***** Data *****

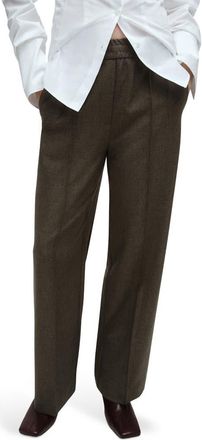 Mango High Waist Wide Leg Pants in Green at Nordstrom, Size 14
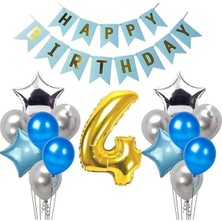 Gümüş Mavi Doğum Günü Balon Set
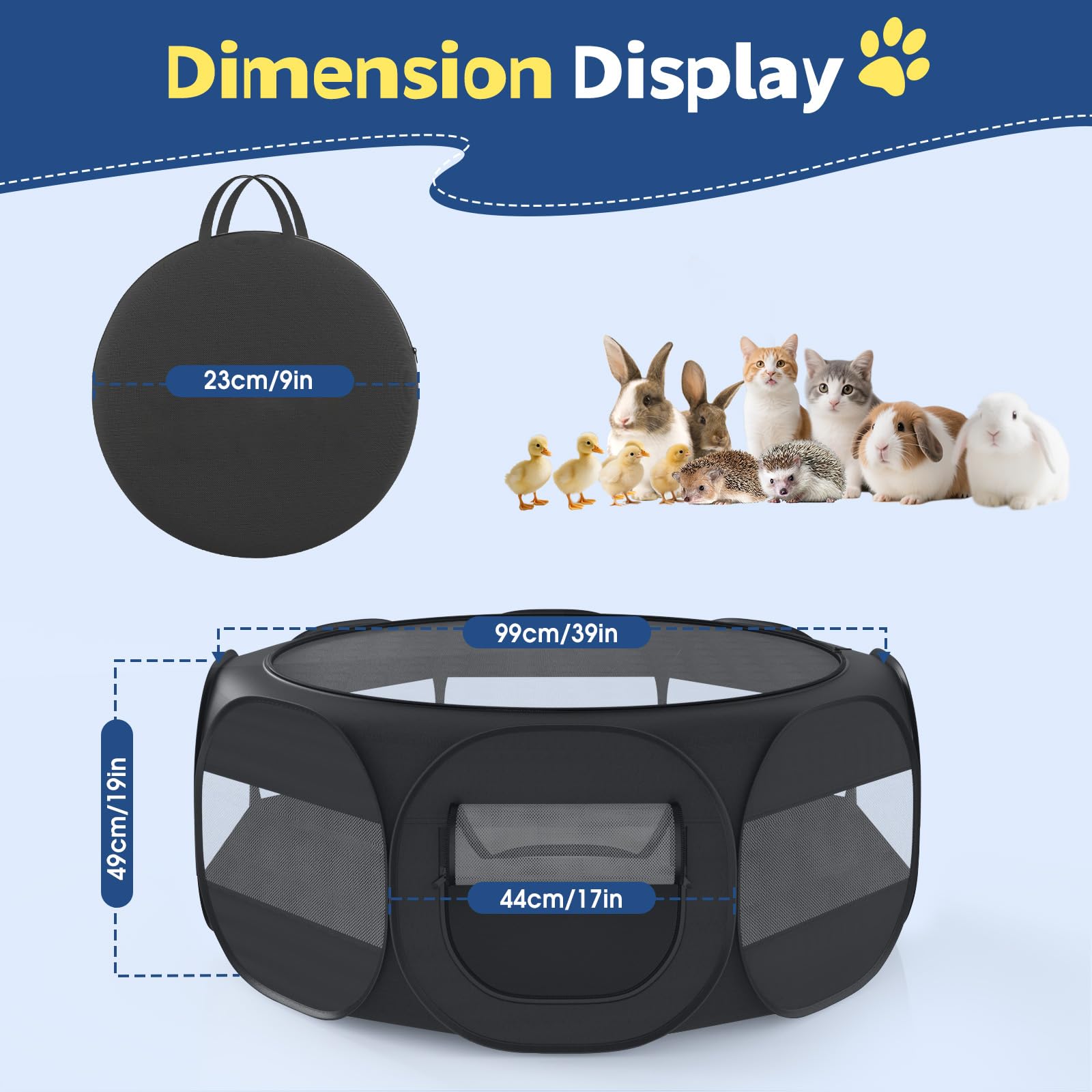 VavoPaw Box per Piccoli Animali, Tenda per Gatti Traspirante con Copertura a Cerniera Rimovibile e Base Impermeabile, Recinto Portatile per Cuccioli, Gattini, Conigli, Uso Interno/Esterno, Nero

*****

Exercise requirements:
Once the pictures are removed, repeat all of the data above exactly.

Output for this task:
 Mango High Waist Wide Leg Pants in Green at Nordstrom, Size 14
 Gümüş Mavi Doğum Günü Balon Set
 VavoPaw Box per Piccoli Animali, Tenda per Gatti Traspirante con Copertura a Cerniera Rimovibile e Base Impermeabile, Recinto Portatile per Cuccioli, Gattini, Conigli, Uso Interno/Esterno, Nero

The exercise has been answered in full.